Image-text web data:
====================

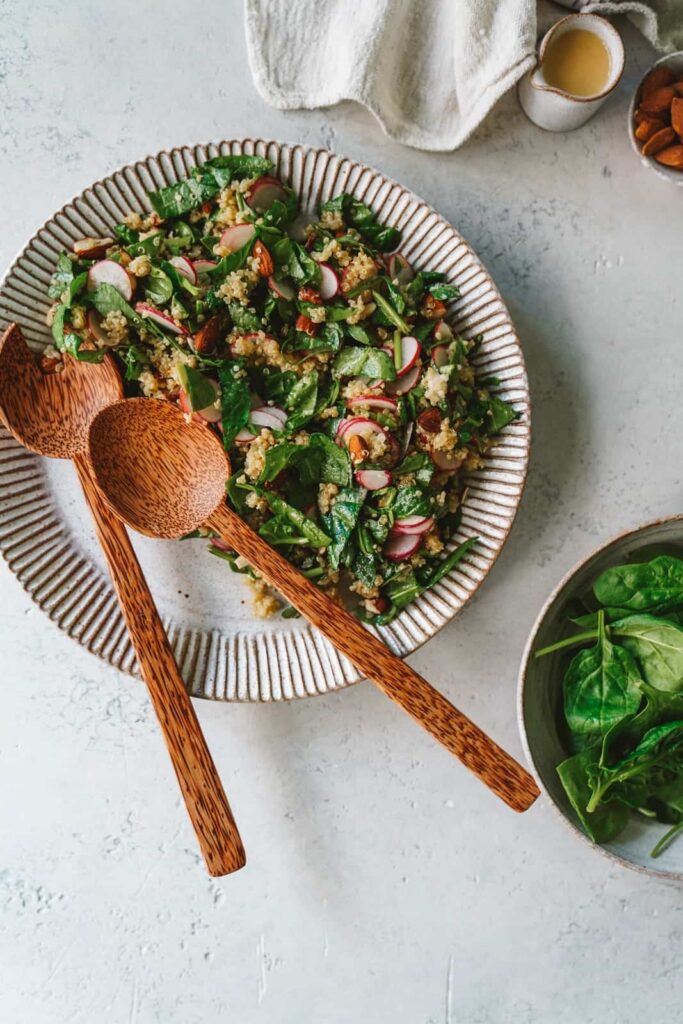 quinoa salad recipe, turmeric tea, spinach radishes, almonds on decorative plate with wooden spoons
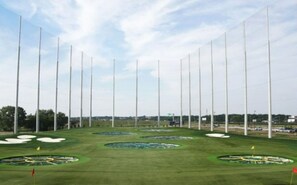 A golf course with multiple holes, flag markers, and tall poles. - 5BR w/ Backyard Paradise, Pool, Cinema, games (North Richland Hills)
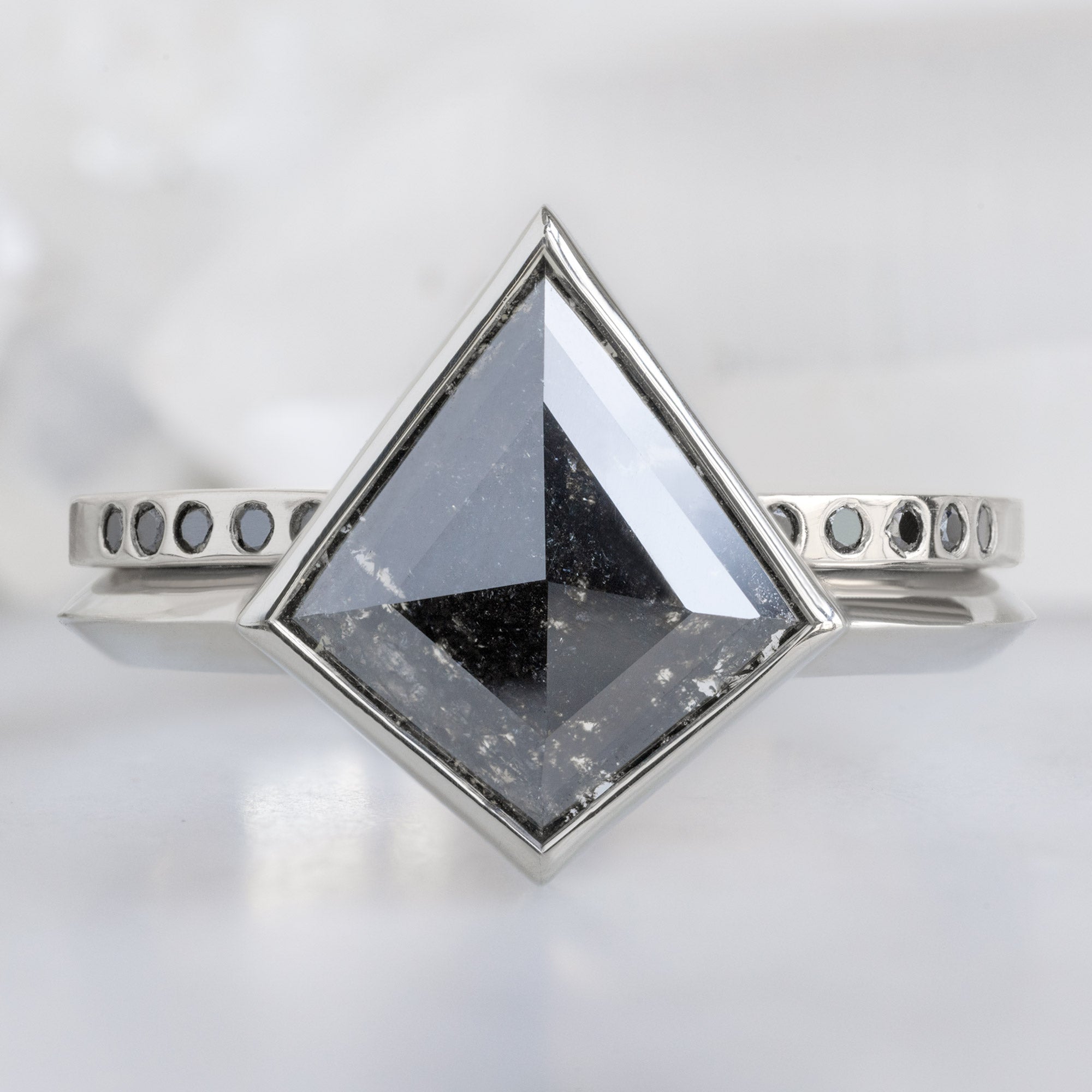 Open Cuff Flush Set Black Diamond Pavé Stacking Band in 14K White Gold Stacked with Black Kite Diamond Solitaire Engagement Ring on White Marble Surface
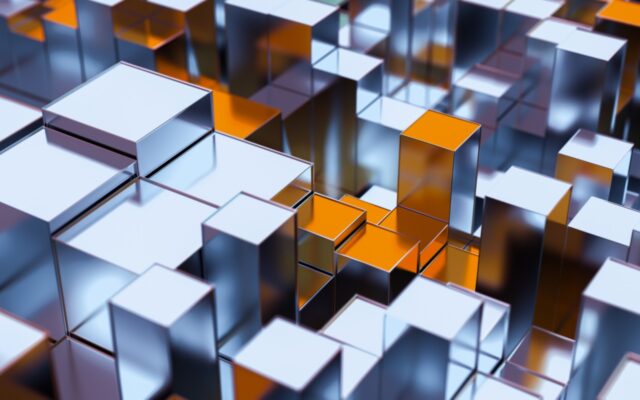 Abstract digital image of geometrics cubes of silver, white, blue, and copper of varying heights and sizes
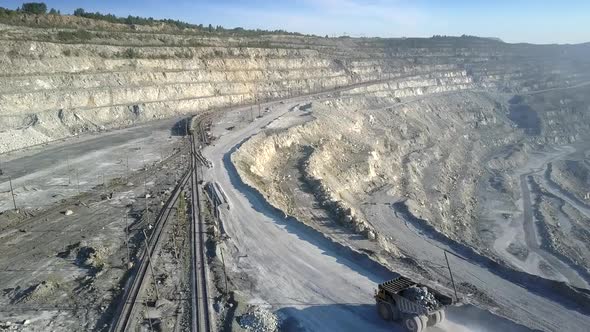 Aerial View Dump Loaded Truck Drives Along Terrace Road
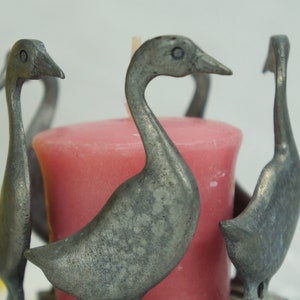 May include: A silver candle holder shaped like four geese with a pink candle in the center.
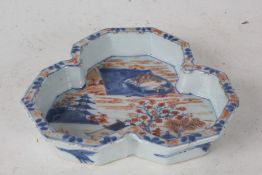 20th century Japanese Imari dish, of cloverleaf shape and decorated in the typical colours depicting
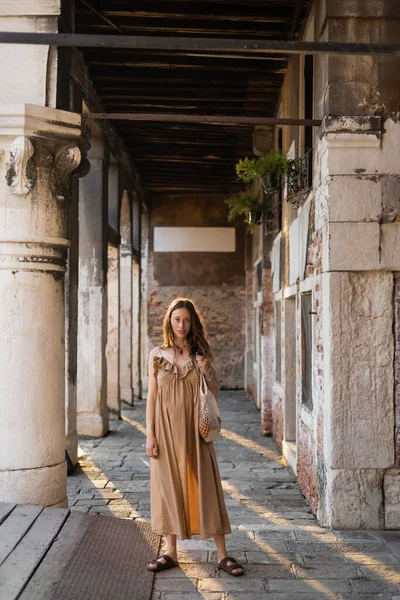 Pregnant woman holding string bag near old building in Venice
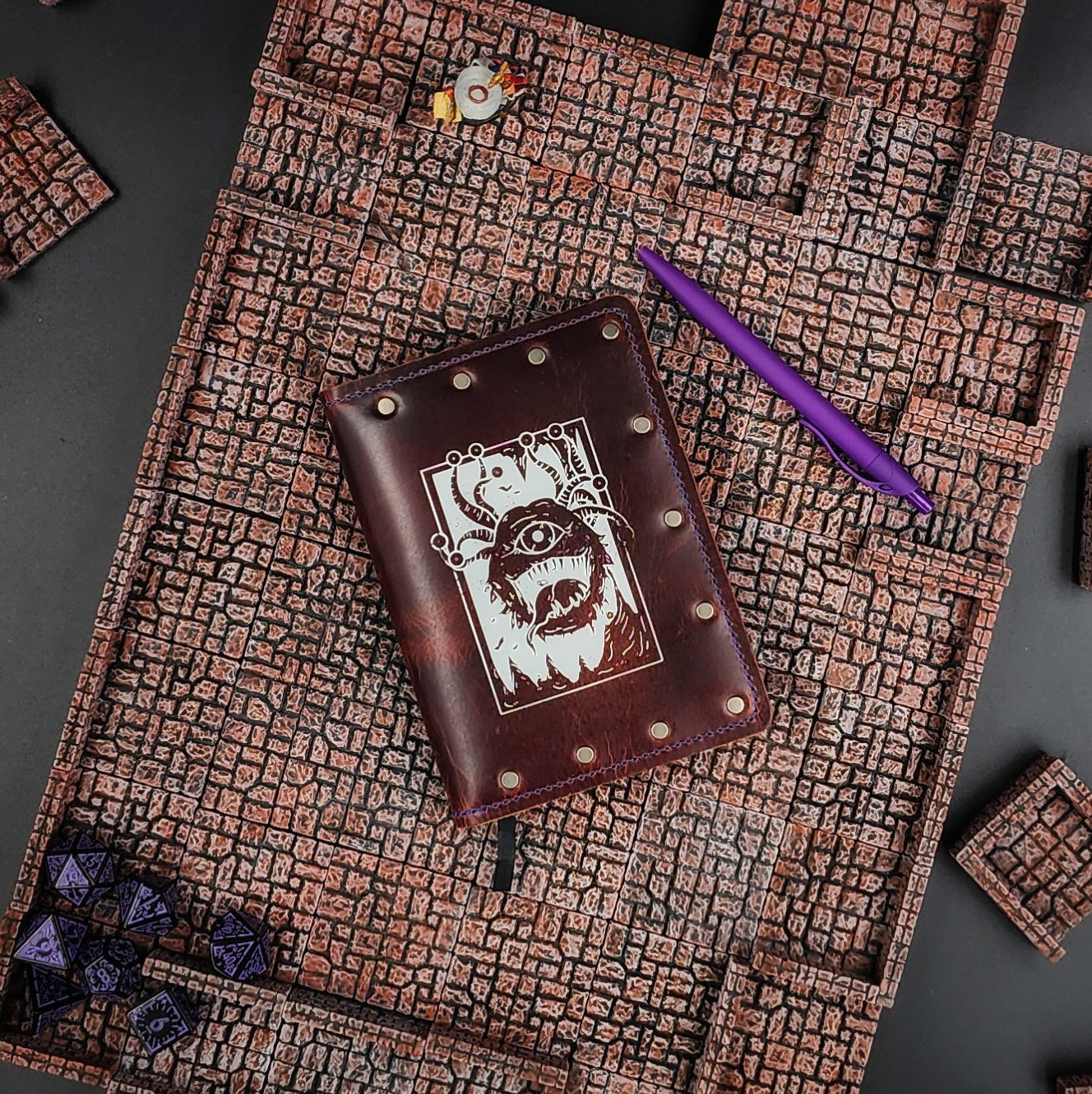 Custom handmade leather pocket journal with D&D Beholder inspired Eye Beast design by Grimbeard Leather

====================

Take the data above and repeat it exactly, leaving each picture out.

◆ Task result
 quinoa salad recipe, turmeric tea, spinach radishes, almonds on decorative plate with wooden spoons
 A golf course with multiple holes, flag markers, and tall poles. - 5BR w/ Backyard Paradise, Pool, Cinema, games (North Richland Hills)
 Open Cuff Flush Set Black Diamond Pavé Stacking Band in 14K White Gold Stacked with Black Kite Diamond Solitaire Engagement Ring on White Marble Surface
 Abstract digital image of geometrics cubes of silver, white, blue, and copper of varying heights and sizes
 Aerial View Dump Loaded Truck Drives Along Terrace Road
 May include: A silver candle holder shaped like four geese with a pink candle in the center.
 20th century Japanese Imari dish, of cloverleaf shape and decorated in the typical colours depicting
 Pregnant woman holding string bag near old building in Venice
 Custom handmade leather pocket journal with D&D Beholder inspired Eye Beast design by Grimbeard Leather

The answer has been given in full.